The industry got good at that, Google is not a magical spam filter in fact in some ways it is not even really that great at all.

There are many many ways to achieve the same or better results for spam protection they by using google

Such as? I switched to gmail mostly for the spam filtering.
It's federated but certainly not completely decentralized. Spam filters in a way have become "a protection (even if flawed)". With email, you can still send an email to anyone but if you send it from a personal server versus gmail, it's much less likely to be read.
* citation needed

That's not been my experience at all. I've been running my own email server for years and I've yet to hear about an email being blocked. I know many other people who run their own email server just fine.

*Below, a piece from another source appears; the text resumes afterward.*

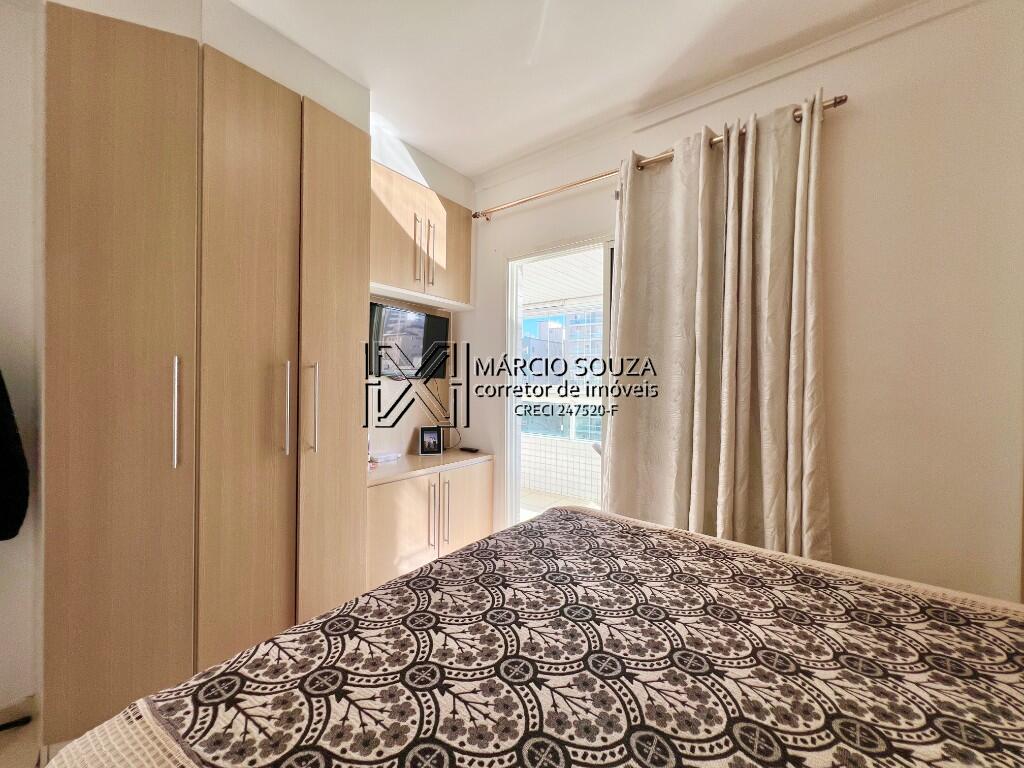 Apartamento, 2 quartos, 87 m² - Foto 22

Indeed, I've been successfully running my email server for the past five years and mail has no problem reaching gmail users.

I think people have just become defeatist.

I would argue Email is heavily abused, much more than Twitter. It's just not very noticeable if you have a good spam filter.
I would argue that 'abuse' is the most significant characteristic of an open system. What is one persons abuse is absolute freedom to another.

The proficient design subsystems to isolate themselves from the 'abuse' and attract customers of their design. These become walled gardens. Eventually the closed system becomes oppressive.

As many others note it is a sort of dialetic that can be traced in historical political movements and other human endeavor.

I don't think "regular people" are concerned about being harmed on social media. The story around abuse comes from very high profile people that receive the social media equivalent of what we used to call hate mail.

When a regular person signs up to Twitter they don't even get any followers let alone harassment. Abuse only happens when you reach a suitably large audience to enable it. Most people will never have that kind of attention.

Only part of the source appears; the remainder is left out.